(Task goal) Down to the last line below, write out every line exactly, starting with the one that contains "young alpine Ibex" and leaving out the pictures.

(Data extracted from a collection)
-- Opening Marker --

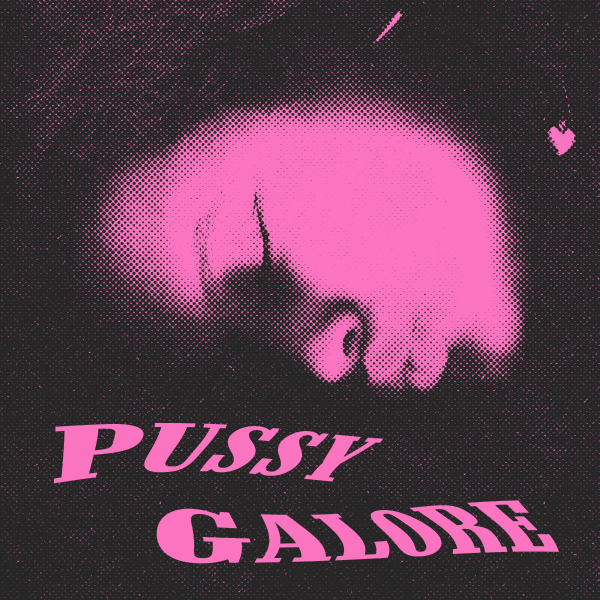 Pussy Galore album cover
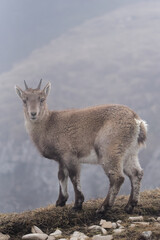 young alpine Ibex (Capra Ibex) in the swiss alps (Creux du Van)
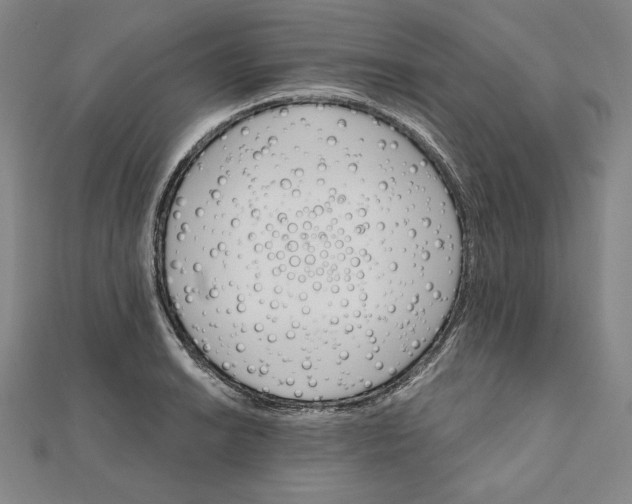 X0000111511038200908041218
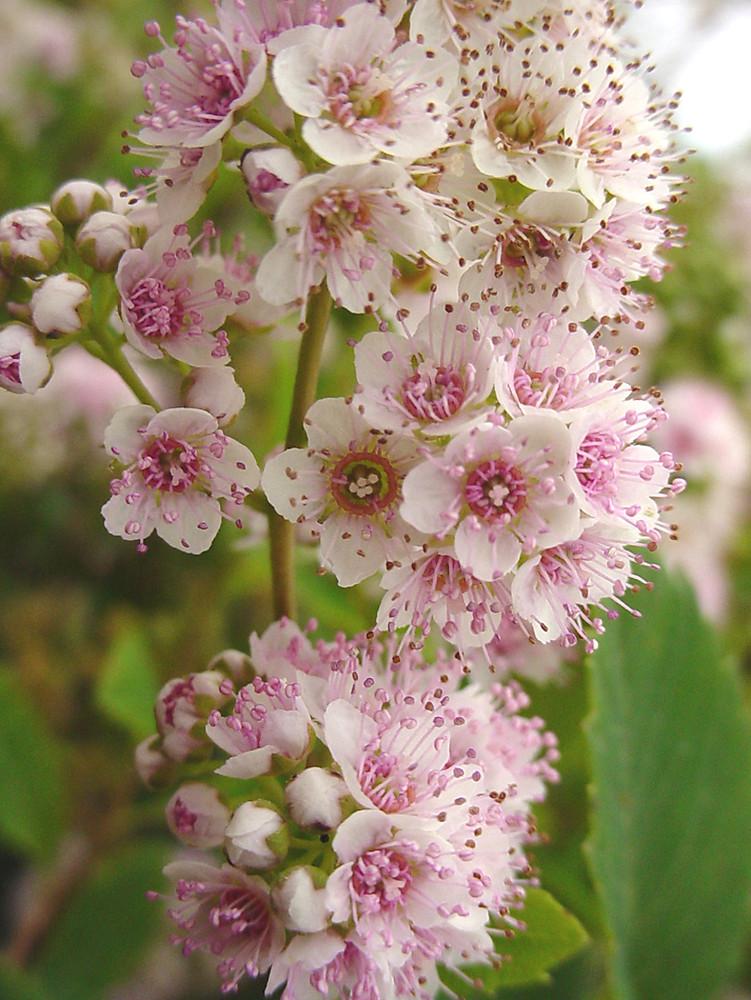 Spirea Alba - View 7 from www redcrocus com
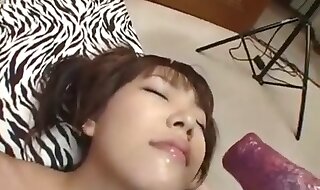 zoo girl porno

-- Closing Marker --

(Task response)
 young alpine Ibex (Capra Ibex) in the swiss alps (Creux du Van)
 X0000111511038200908041218
 Spirea Alba - View 7 from www redcrocus com
 zoo girl porno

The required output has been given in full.